COLLECTED MATERIAL:
- - - - - - -

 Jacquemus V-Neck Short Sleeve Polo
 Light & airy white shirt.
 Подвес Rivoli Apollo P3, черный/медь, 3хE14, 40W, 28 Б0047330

- - - - - - -

REQUIRED WORK: Print the data in full, with each line exactly as given.

RESULT OF THIS EXERCISE:
 Jacquemus V-Neck Short Sleeve Polo
 Light & airy white shirt.
 Подвес Rivoli Apollo P3, черный/медь, 3хE14, 40W, 28 Б0047330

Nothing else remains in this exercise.